— Task —
The records are to be restated in their entirety, word for word.
*** Opening Data supplied ***
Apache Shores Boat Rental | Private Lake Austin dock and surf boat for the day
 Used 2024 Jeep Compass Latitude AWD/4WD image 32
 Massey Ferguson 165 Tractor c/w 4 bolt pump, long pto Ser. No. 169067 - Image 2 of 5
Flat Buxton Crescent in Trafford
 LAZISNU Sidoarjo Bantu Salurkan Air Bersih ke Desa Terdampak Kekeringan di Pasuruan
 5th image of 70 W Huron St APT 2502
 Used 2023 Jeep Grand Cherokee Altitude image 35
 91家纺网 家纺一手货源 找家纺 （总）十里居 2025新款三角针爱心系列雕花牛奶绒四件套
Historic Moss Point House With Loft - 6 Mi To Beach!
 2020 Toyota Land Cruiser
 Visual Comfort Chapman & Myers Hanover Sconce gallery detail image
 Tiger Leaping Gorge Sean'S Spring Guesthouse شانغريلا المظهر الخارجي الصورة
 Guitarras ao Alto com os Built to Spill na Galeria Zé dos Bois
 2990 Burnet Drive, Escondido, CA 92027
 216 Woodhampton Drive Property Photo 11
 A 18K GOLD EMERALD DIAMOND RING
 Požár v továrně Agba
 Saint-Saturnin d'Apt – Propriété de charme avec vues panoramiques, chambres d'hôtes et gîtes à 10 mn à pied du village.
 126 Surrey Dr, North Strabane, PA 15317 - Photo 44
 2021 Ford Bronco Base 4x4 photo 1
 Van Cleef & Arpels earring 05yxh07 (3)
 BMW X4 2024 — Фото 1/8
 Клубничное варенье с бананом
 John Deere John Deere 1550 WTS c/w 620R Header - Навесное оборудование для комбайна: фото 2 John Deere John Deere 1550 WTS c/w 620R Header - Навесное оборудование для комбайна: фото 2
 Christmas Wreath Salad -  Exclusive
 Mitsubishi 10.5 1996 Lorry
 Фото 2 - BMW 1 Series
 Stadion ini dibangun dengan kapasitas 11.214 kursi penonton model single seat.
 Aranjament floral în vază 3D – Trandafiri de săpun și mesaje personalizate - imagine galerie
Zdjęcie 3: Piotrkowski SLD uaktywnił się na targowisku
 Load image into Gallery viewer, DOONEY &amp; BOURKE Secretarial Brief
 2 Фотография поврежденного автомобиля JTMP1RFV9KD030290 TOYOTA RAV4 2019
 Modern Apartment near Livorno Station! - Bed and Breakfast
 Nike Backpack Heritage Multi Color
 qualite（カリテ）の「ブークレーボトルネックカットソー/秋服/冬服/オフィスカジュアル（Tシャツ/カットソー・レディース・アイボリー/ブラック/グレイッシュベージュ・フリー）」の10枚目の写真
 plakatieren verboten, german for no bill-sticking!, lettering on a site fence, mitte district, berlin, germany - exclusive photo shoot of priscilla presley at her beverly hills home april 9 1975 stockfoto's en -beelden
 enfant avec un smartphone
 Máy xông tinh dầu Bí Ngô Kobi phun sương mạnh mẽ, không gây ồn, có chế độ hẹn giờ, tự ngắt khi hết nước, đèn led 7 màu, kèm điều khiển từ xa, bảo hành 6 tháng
*** Closing Data supplied ***
— Task answer —
Apache Shores Boat Rental | Private Lake Austin dock and surf boat for the day
 Used 2024 Jeep Compass Latitude AWD/4WD image 32
 Massey Ferguson 165 Tractor c/w 4 bolt pump, long pto Ser. No. 169067 - Image 2 of 5
Flat Buxton Crescent in Trafford
 LAZISNU Sidoarjo Bantu Salurkan Air Bersih ke Desa Terdampak Kekeringan di Pasuruan
 5th image of 70 W Huron St APT 2502
 Used 2023 Jeep Grand Cherokee Altitude image 35
 91家纺网 家纺一手货源 找家纺 （总）十里居 2025新款三角针爱心系列雕花牛奶绒四件套
Historic Moss Point House With Loft - 6 Mi To Beach!
 2020 Toyota Land Cruiser
 Visual Comfort Chapman & Myers Hanover Sconce gallery detail image
 Tiger Leaping Gorge Sean'S Spring Guesthouse شانغريلا المظهر الخارجي الصورة
 Guitarras ao Alto com os Built to Spill na Galeria Zé dos Bois
 2990 Burnet Drive, Escondido, CA 92027
 216 Woodhampton Drive Property Photo 11
 A 18K GOLD EMERALD DIAMOND RING
 Požár v továrně Agba
 Saint-Saturnin d'Apt – Propriété de charme avec vues panoramiques, chambres d'hôtes et gîtes à 10 mn à pied du village.
 126 Surrey Dr, North Strabane, PA 15317 - Photo 44
 2021 Ford Bronco Base 4x4 photo 1
 Van Cleef & Arpels earring 05yxh07 (3)
 BMW X4 2024 — Фото 1/8
 Клубничное варенье с бананом
 John Deere John Deere 1550 WTS c/w 620R Header - Навесное оборудование для комбайна: фото 2 John Deere John Deere 1550 WTS c/w 620R Header - Навесное оборудование для комбайна: фото 2
 Christmas Wreath Salad -  Exclusive
 Mitsubishi 10.5 1996 Lorry
 Фото 2 - BMW 1 Series
 Stadion ini dibangun dengan kapasitas 11.214 kursi penonton model single seat.
 Aranjament floral în vază 3D – Trandafiri de săpun și mesaje personalizate - imagine galerie
Zdjęcie 3: Piotrkowski SLD uaktywnił się na targowisku
 Load image into Gallery viewer, DOONEY &amp; BOURKE Secretarial Brief
 2 Фотография поврежденного автомобиля JTMP1RFV9KD030290 TOYOTA RAV4 2019
 Modern Apartment near Livorno Station! - Bed and Breakfast
 Nike Backpack Heritage Multi Color
 qualite（カリテ）の「ブークレーボトルネックカットソー/秋服/冬服/オフィスカジュアル（Tシャツ/カットソー・レディース・アイボリー/ブラック/グレイッシュベージュ・フリー）」の10枚目の写真
 plakatieren verboten, german for no bill-sticking!, lettering on a site fence, mitte district, berlin, germany - exclusive photo shoot of priscilla presley at her beverly hills home april 9 1975 stockfoto's en -beelden
 enfant avec un smartphone
 Máy xông tinh dầu Bí Ngô Kobi phun sương mạnh mẽ, không gây ồn, có chế độ hẹn giờ, tự ngắt khi hết nước, đèn led 7 màu, kèm điều khiển từ xa, bảo hành 6 tháng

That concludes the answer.